Deborah Walker’s myth-like “The Three Brother Cities” doesn’t give us a critique of the creeping surveillance requirements or algorithmic hubris of the contemporary smart city, so much as the sublime thrill of cosplaying Cair Paravel or Gormenghast or Ambergris (. . . in space!). If my eyebrows weren’t zotzed by all that rocket thrust, I might cock one at the hokey gender dynamics of Owton & Couzens’s pleasantly mercurial, Golden Age-ish “Rockhopper.”Anybody stasis pod stowaways who awaken in the Twenty-Third Century, don’t fret! – it’s still 100% fine to slip into something more feminine and melt into a nearby burly chest. But listen, if you thought “Rockhopper” was the biggest jolt of gee-whizz space opera retro you’re likely to guzzle all year, that’s because you haven’t yet read Markus Wolfson’s “Alien Invaders.” Wolfson’s “Alien Invaders” is, for starters, entitled “Alien Invaders,” and it’s a heady cocktail of unload-my-space-pistol-right-in-your-tentacles capers, pulpier than a pineapple, with a twisty straw of what-if-the-true-monsters-are-dot-dot-dot-us?

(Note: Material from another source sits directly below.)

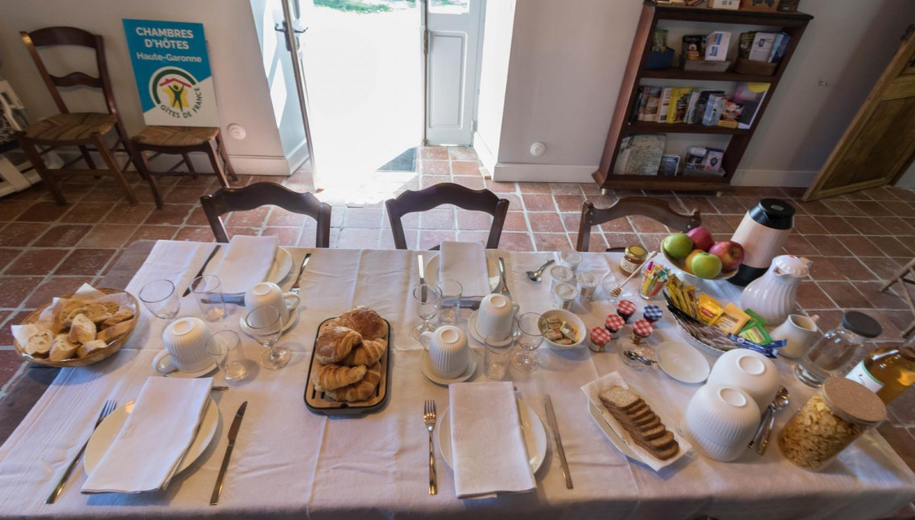 Disfruta de un desayuno delicioso al despertar.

Perhaps it’s the relatively cosy contributor-base that gives this anthology such bracing variety – even a genuinely unpredictable variety of varieties. There are patterns however. There’s a lot of First Contact – or at least Still-In-That-Awkward-Stage-Of-Getting-To-Know-You Contact. There’s fruitfulness, verdant abundance. No story is explicitly elegaic, but many – and above all, Schnapp’s own “Mind Seed” – take acceptance for their theme. With humour, bluntness, and effervescence, “Mind Seed” tells the tale of Leia’s cancer treatment by full brain emulation (“A toddler aged thirty-two and a half [...] I spun Leia in my arms”), and of her sister Zif’s transition from luddite-ish anti-cyborg hold-out (“stone ager” (p. 166)) to cyborg and, ultimately, to intrastellar voyager.

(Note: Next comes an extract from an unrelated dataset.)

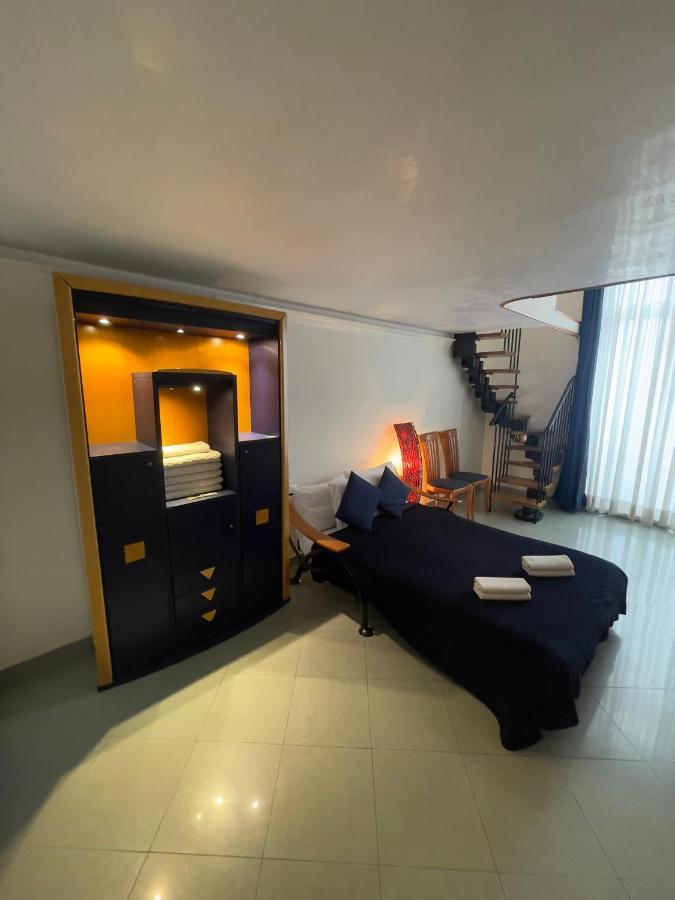 Nova Naples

Several stories unite an immoderate intensity of desolation with an equal intensity of hopefulness. Nina Allan’s “Bird Songs at Eventide” is one gorgeously honed example. Humanity manifests in a detached, almost hardboiled manner. Whimsical associative shifts are deployed with clinical precision. The prickliness of the prosody, and the sumptuousness of sense-data, are self-consiously inadequate compensation for a loss without any clear boundaries: loss of a lover’s love, of a planet, of something. Meanwhile, the living cosmos teems.
Profits from the anthology go to Next Generation Nepal, an anti-child-trafficking charity supported by Denni Schnapp.